Кина увидела, как выросла на пороге огромная фигура с висящим на поясе топором. Белые волосы, красные глаза и черная маска…
Эльфийка выставила лютню, словно защищаясь, и медленно отступила к креслу.
– Я закричу, – звонко предупредила она.
– Зачем? – удивилось чудовище, закрывая за собой дверь. Голос оказался неожиданно мягким. Эльфийским. – Ах да, – сверкнули страшные зубы, когда черные губы раздвинулись в…
оскале…
…улыбке. – Извини. Я не подумал, что ты испугаешься. Меня зовут Эльрик. Эльрик де Фокс.
– Предатель?
– Да. Если тебе так понятнее.
– Ты – Тресса… – осторожно, словно сама себе не веря, проговорила эльфийка.

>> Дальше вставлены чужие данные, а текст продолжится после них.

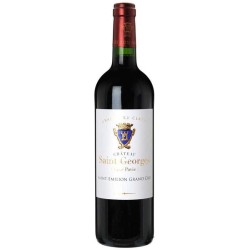 Chateau Saint-Georges Cote Pavie | French Red Wine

– Ну хвала Богам. Теперь мне можно войти?
– С ума сойти. Эльрик-Предатель! Настоящий. Живой! – Кина упала в кресло, все еще прижимая к себе лютню. – Да входи, конечно. Это же твоя комната. А я думала, что ты умер. А у нас о тебе песни поют. Ты же герой, да? Ты Владыке поклоняешься, правда?
– Неправда, – холодно ответил шефанго. – Это на Айнодоре придумали. И насчет героя, кстати, тоже. Держи, – он бросил на кровать узел, – это мужская одежда. Мы уезжаем.
– Когда?
– Сегодня. Если тебе еще что-то понадобится, скажи. Я вроде все купил, но кто вас, эльфов, знает. Может, тебе что особенное нужно.
– Что особенное? – честно удивилась Кина.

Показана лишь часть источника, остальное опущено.